Chen Jia-wei (; born 15 January 1985), better known by his stage name HUSH, is a Taiwanese singer-songwriter and lyricist.

He is formerly the vocalist of the Taiwanese band hush! He has worked with artists like A-Lin, Ding Dang, Lala Hsu, and Stephanie Sun.

Career 

While at National Pingtung Senior High School, he was the lead singer of the pop music club. His interactions with the guitar club, which included future members of the band Mary See The Future (先知瑪莉), influenced him to learn guitar.

HUSH majored in philosophy at Fu Jen Catholic University.

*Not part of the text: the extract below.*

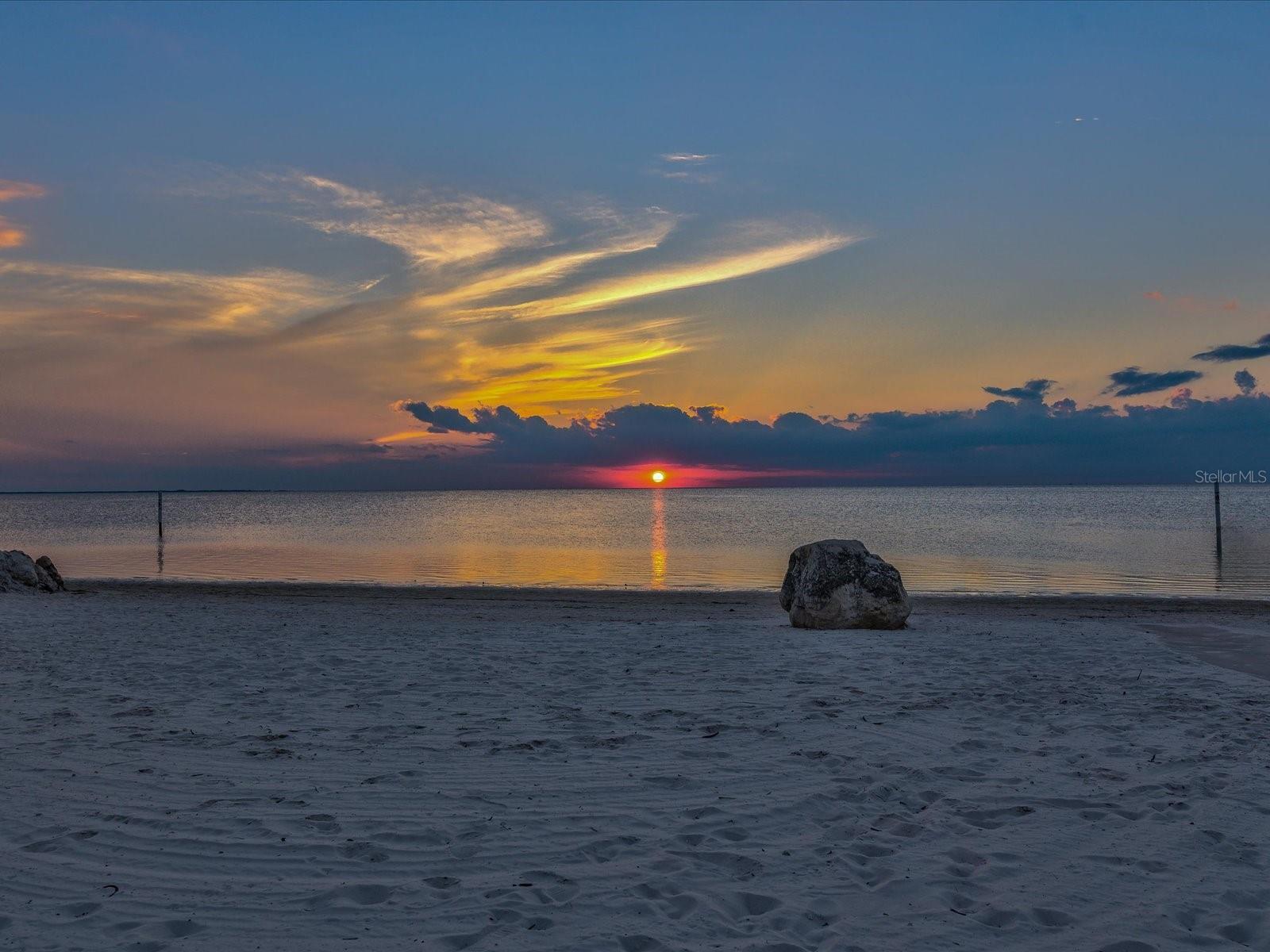 Sunset at the private member only beach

In 2009, he signed with HIM International Music as a singer-songwriter, but he wasn't able to sell any songs. He also competed in the 3rd season of One Million Star, which was won by Lala Hsu, but he was eliminated before the top 100.

In 2010, while working part-time at the coffee shop Kafka by the Sea in Gongguan, he met drummer Bearpa and bassist Kabei. Together, they formed the band hush! Starting out acoustic, they transitioned into electric after playing many live shows. Usually, Hush records the demo and uploads to StreetVoice, a music-publishing platform for independent songwriters. His songs are inspired by his interests in astronomy, psychology, and tarot.

Within a year, they released an EP, Astronomical Cachet 『天文特徵』, and an album, X. Popular in the indie scene, the band performed at various events and venues in Xi'an, Shenzhen, Taipei, Hong Kong, and Kaohsiung.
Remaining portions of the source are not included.